離縁を告げた夜、堅物御曹司の不器用な恋情が激愛豹変する
「本日アポイントのないお客様なのですが……社長のお母様を名乗られているので、一度ご相談をと思いまして」
これまで一度も会いに来なかったあの人が、今さらなんの用だというのだろう。
しかし、自分の都合でふらっと現れるというのが、いかにもあの母親らしい。おそらく本人で間違いないだろう。
「わかった。秘書にここまで案内するよう伝えてくれ」
『かしこまりました』
両親の離婚には子どもの俺にはわからない夫婦の事情があったのだろうし、母からの愛情を感じられなかった幼少期を今さら嘆いてはいない。
しかし、母親の言葉に長年囚われていたせいで悠花との関係がこじれていたのは事実。久々に顔を合わせるといっても、嬉しさや懐かしさは感じなかった。
受付から連絡を受けた四季に連れられて社長室を訪れた母は、年齢こそ重ねたもののあまり容姿は変わっていなかった。

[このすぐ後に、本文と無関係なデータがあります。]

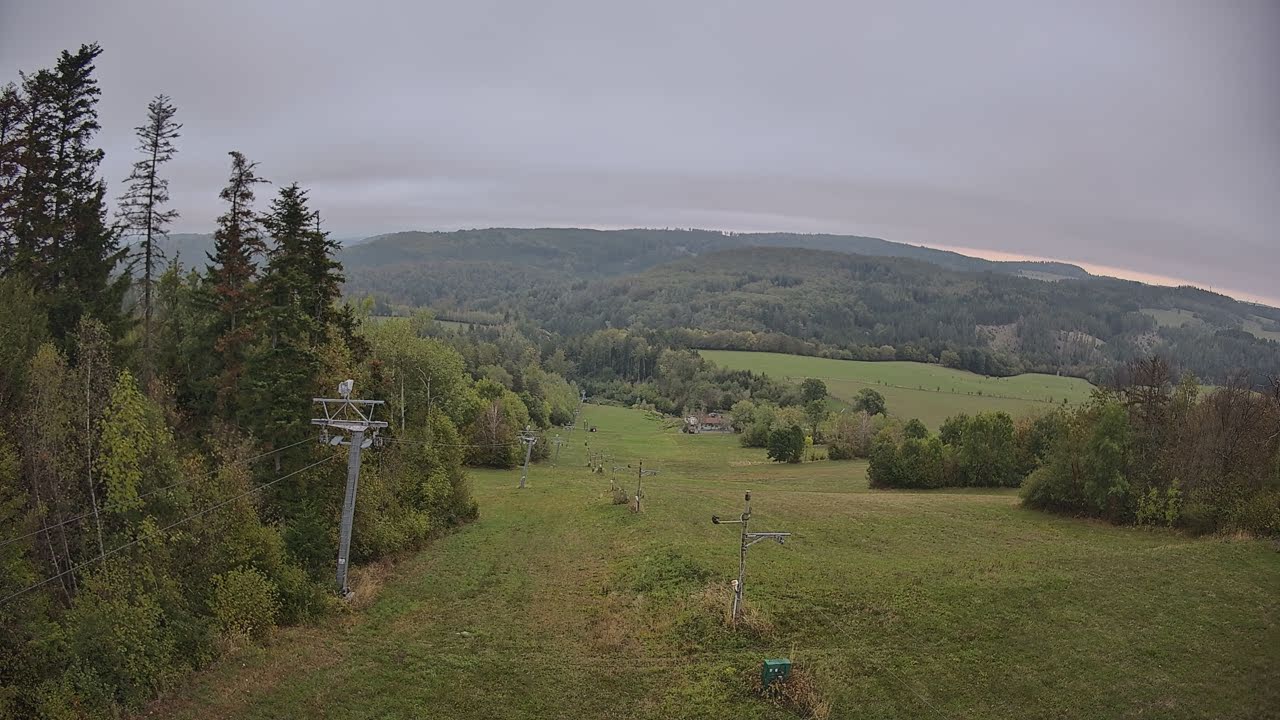 Webkamera – Horní stanice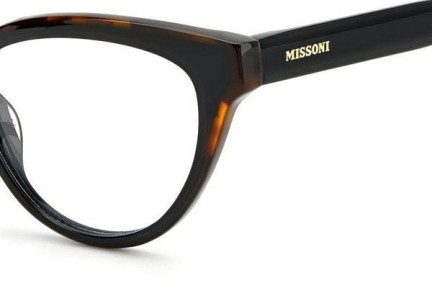 Okuliare Missoni MIS0091 WR7 Cat Eye Čierne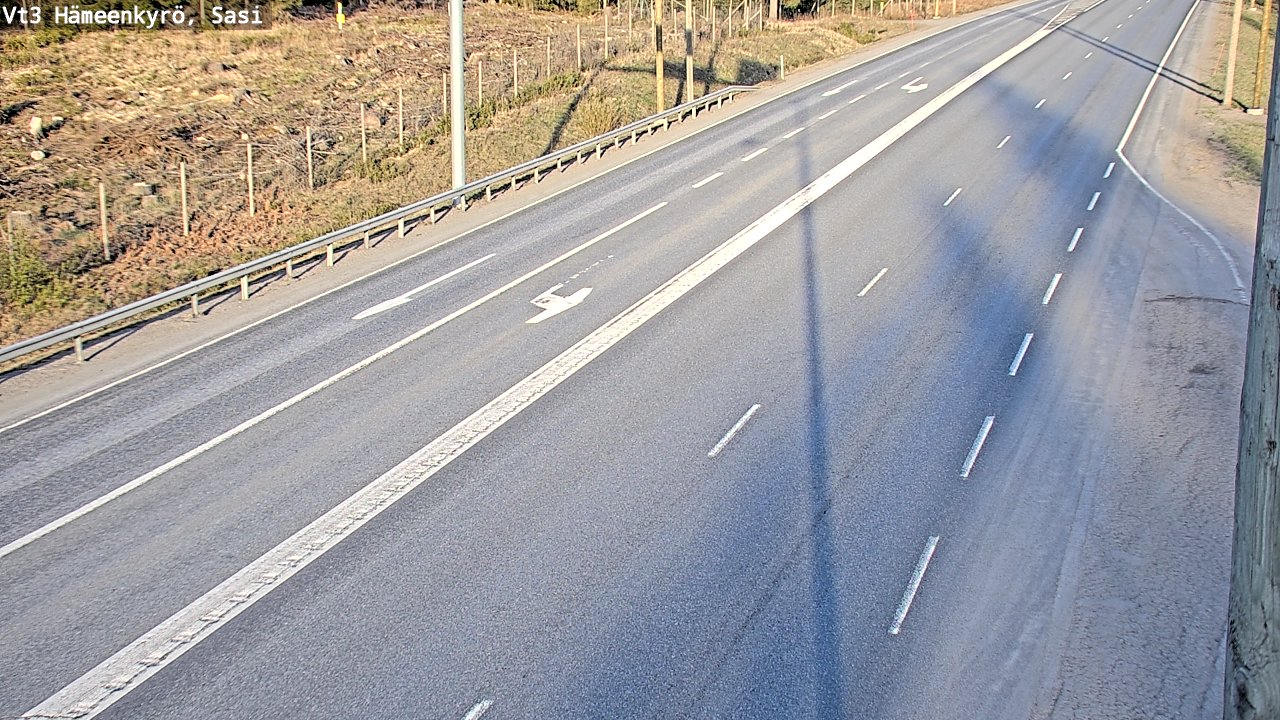 Kelikamerat Kuva Tie 3 Hämeenkyrö, Sasi, Hämeenkyrö, Pirkanmaa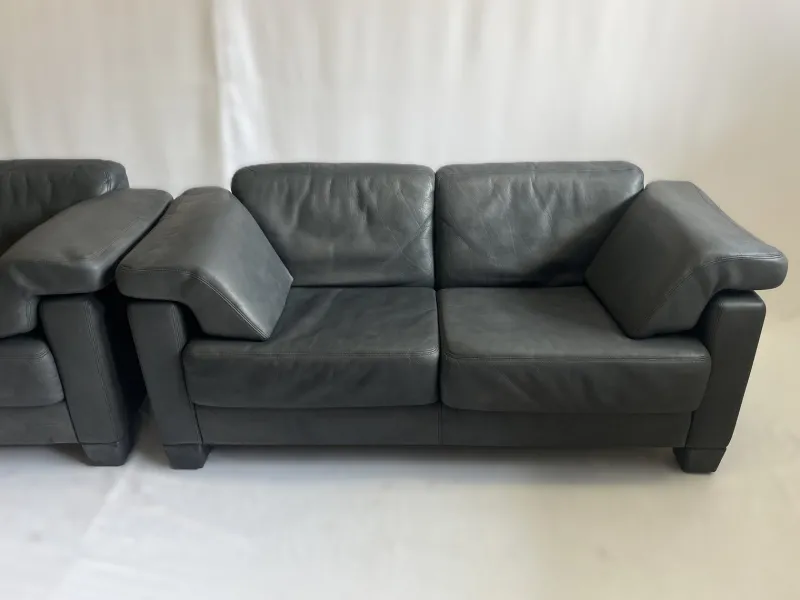Pamono DS-17 Sofas in Genuine Leather from De Sede, 2000s, Set of 2> Couches & Sofas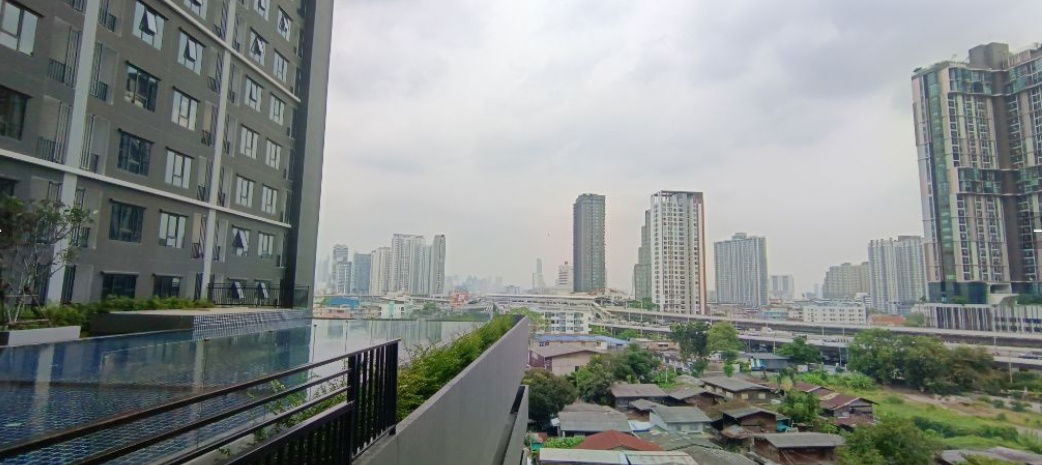 รูป รีเจ้นท์ โฮม วุฒากาศ Regent Home Wutthakat ตึก B ชั้น 29 วิวสระ โล่งโปร่งสบาย 1 ห้องนอน 1 26.5 ตร.ม   ชั้นสูงวิวสวย ตกแต่งสไตล์มินิมอล - รูปที่ 10/13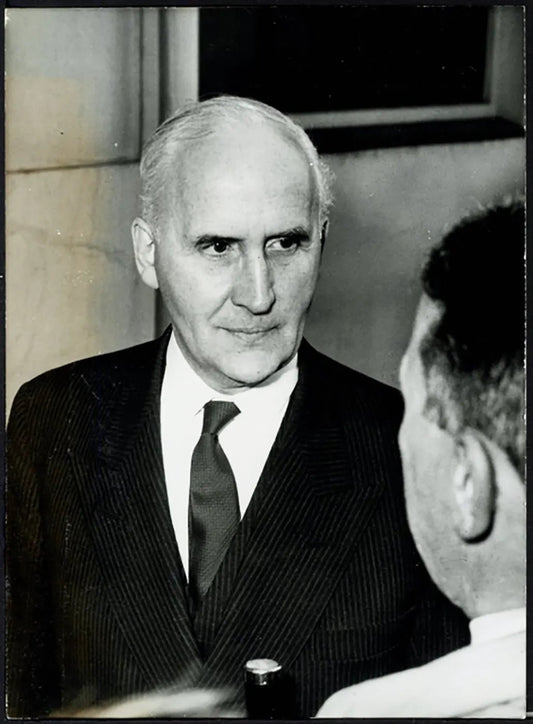 Sir John Richardson 1963 Ft 36804 - Stampa 20x15 cm - Farabola Stampa ai sali d'argento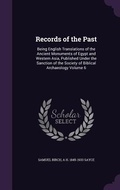 Cover: Records of the Past - Palala Press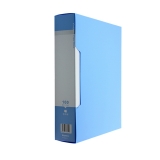 齊心 VF100AK-1 100頁（帶盒） A4歡顏色資料冊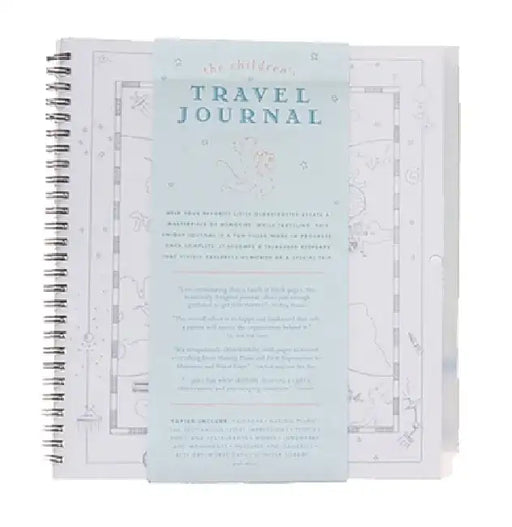 The Children's Travel Journal: Help Your Favorite Little Globetrotter Create a Masterpiece of Memories by Ann Banks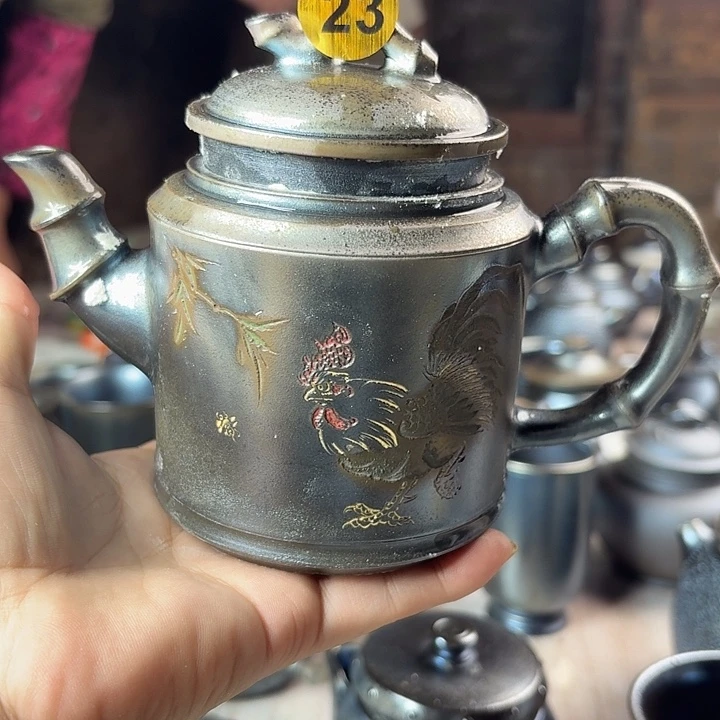 壶庄诚柴烧坭兴陶窑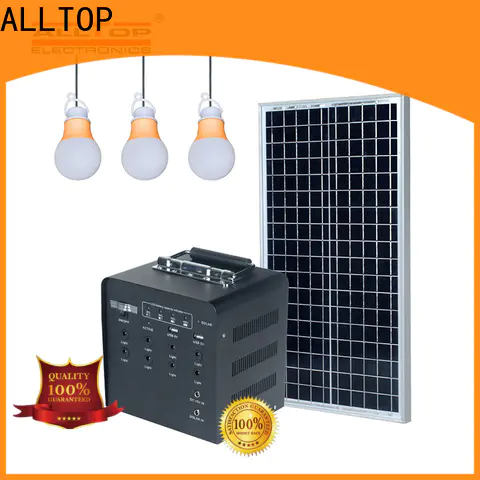 ALLTOP solar home light system wholesale for home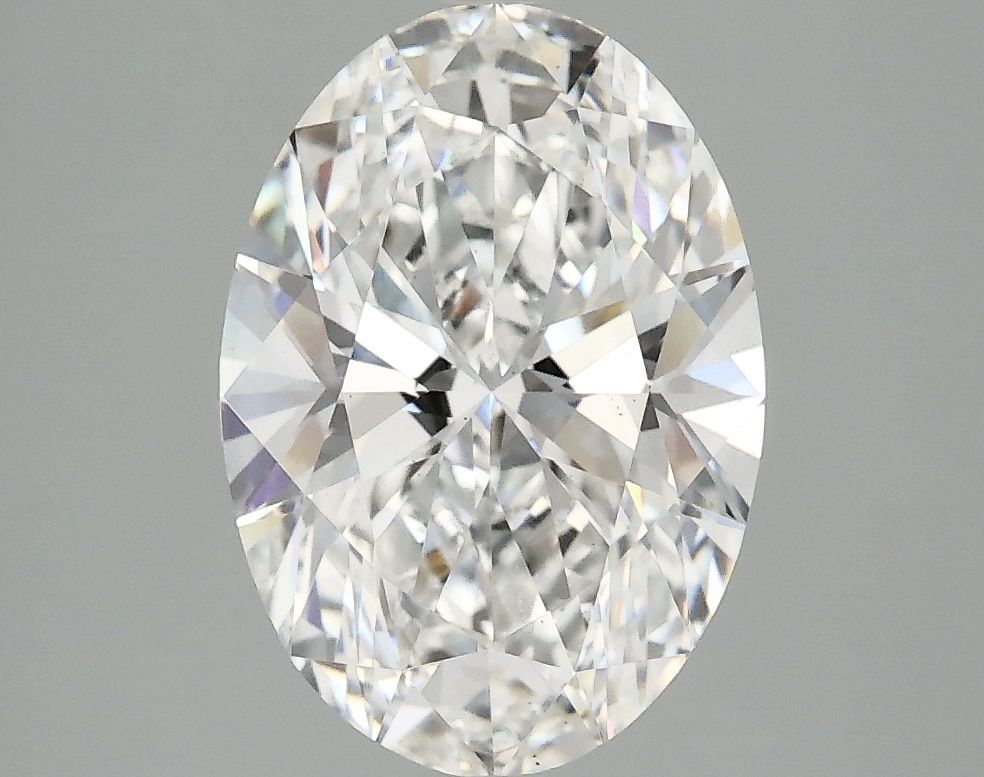 2.90 ct. oval Lab Grown Diamond front image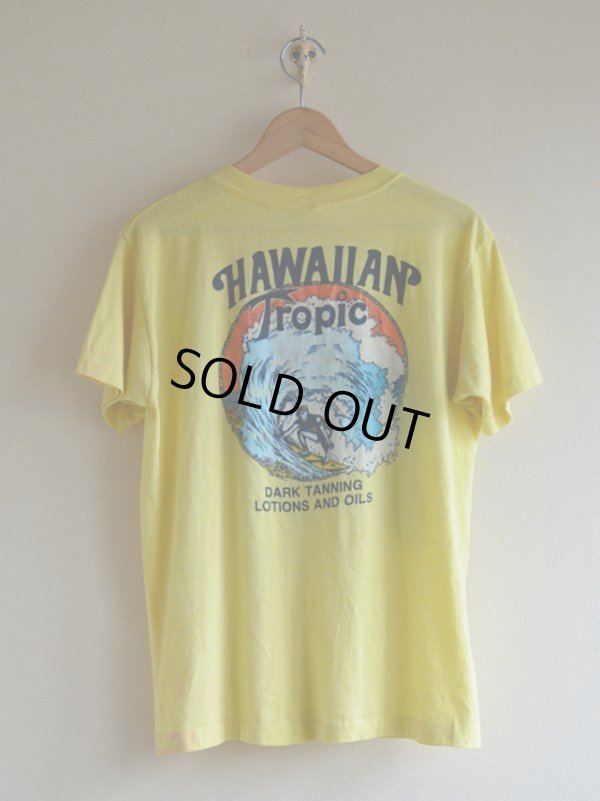 画像2: 1980s Hawaiian Tropic&Q107 The Beach Boys Spirit of America Tシャツ　 実寸ML 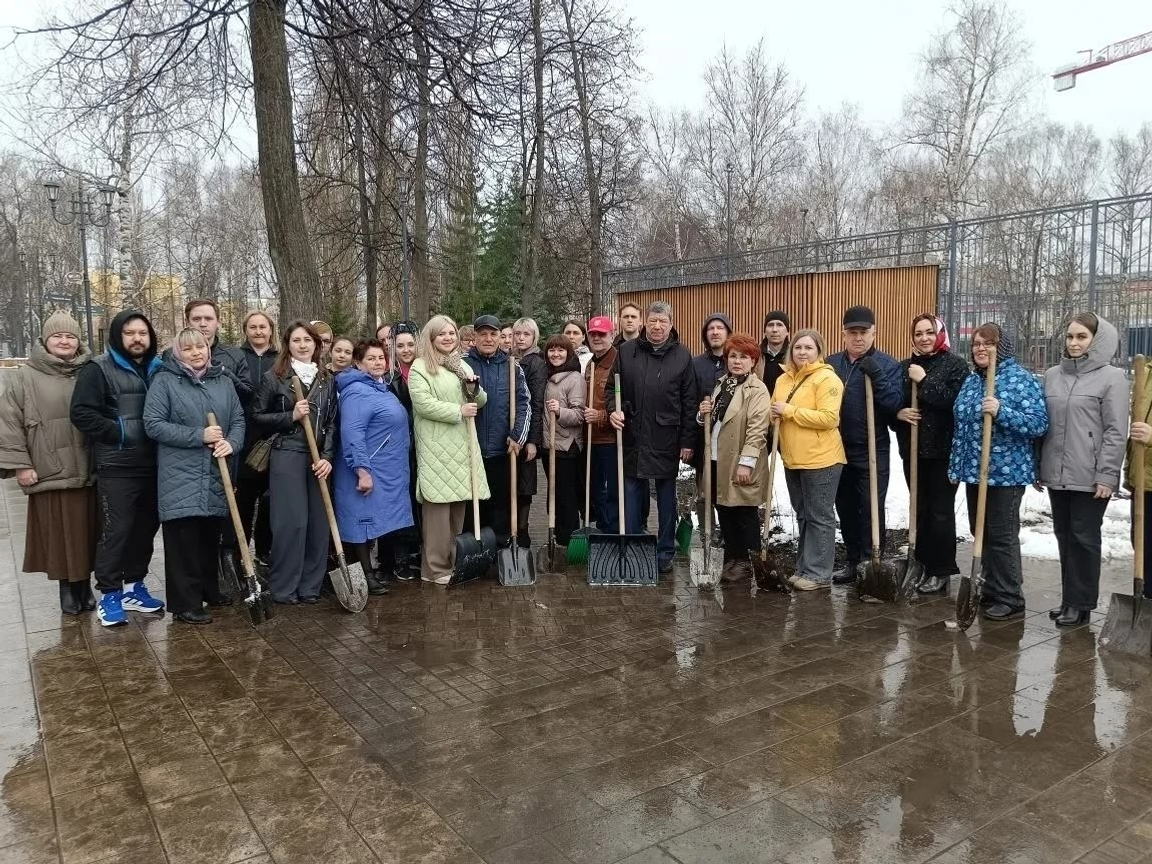 В Стерлитамаке прошла экологическая акция «Чистая пятница»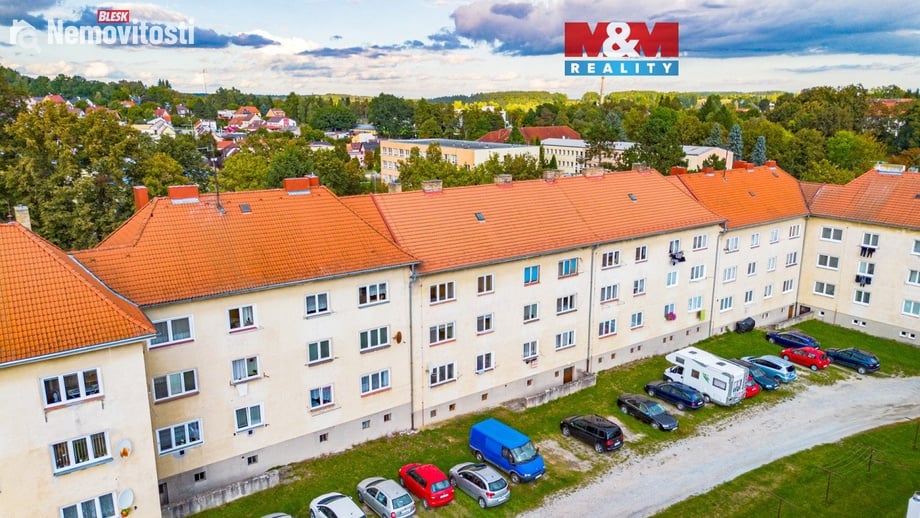 Prodej bytu 2+1 69 m², Trhové Sviny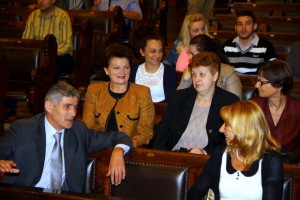 Prijem za zaposlene i volontere Crvenog krsta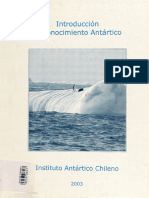 Introducción Al Conocimiento Antártico PDF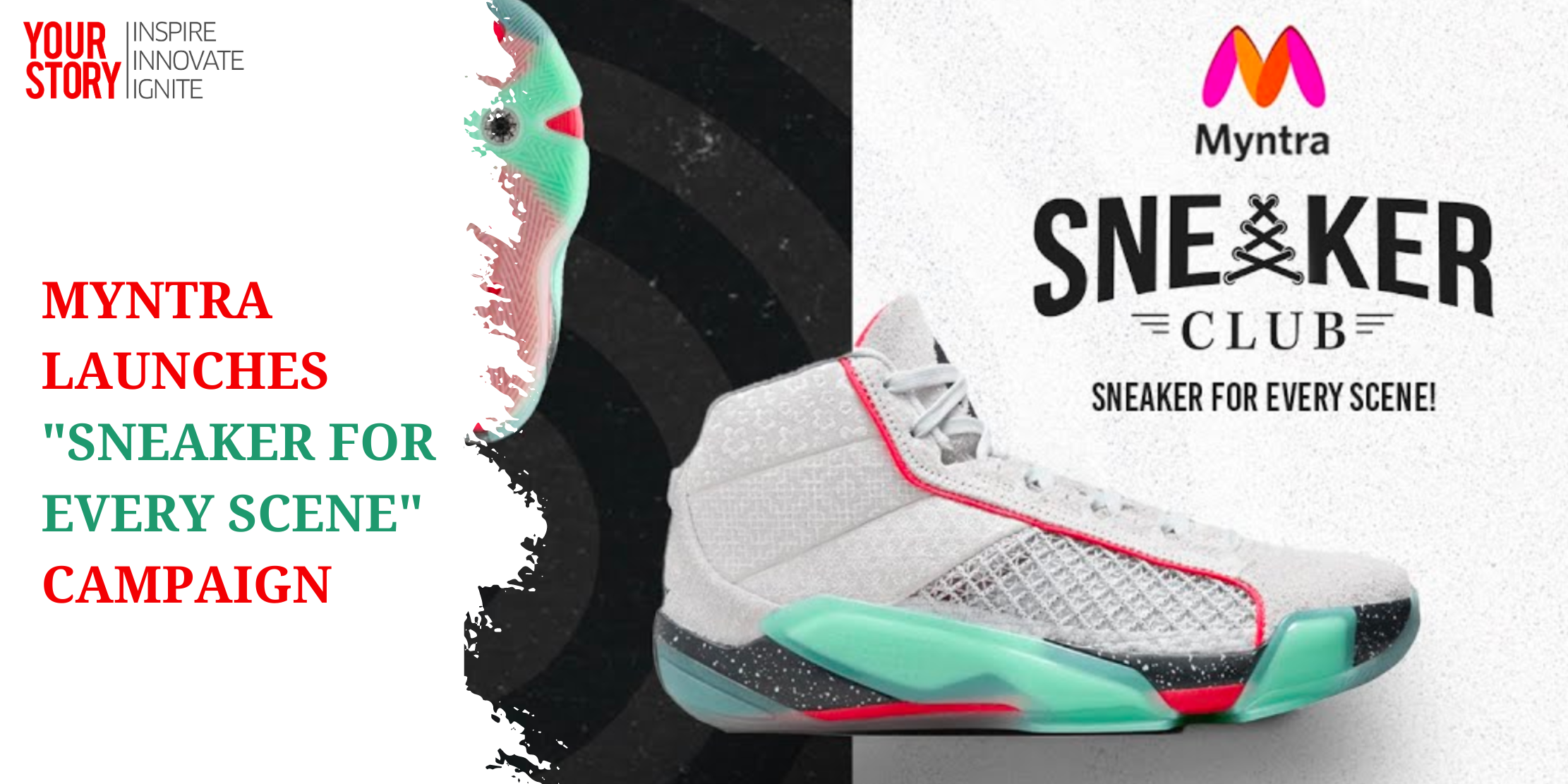 ⁠Myntra Launches "Sneaker for Every Scene" Campaign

長い髪を丁寧に巻いてあり、ブランド物のスーツに身を包んでいる。
美人だとは思うが、過去の母親像による先入観のせいか〝恋多き女性〟というい印象がぬぐえない。
四季に席を外してもらった後応接用のソファに座った母は、室内のインテリアを落ち着きなく眺める。それからようやく俺を見た時には、なんだか誇らしそうに目を輝かせていた。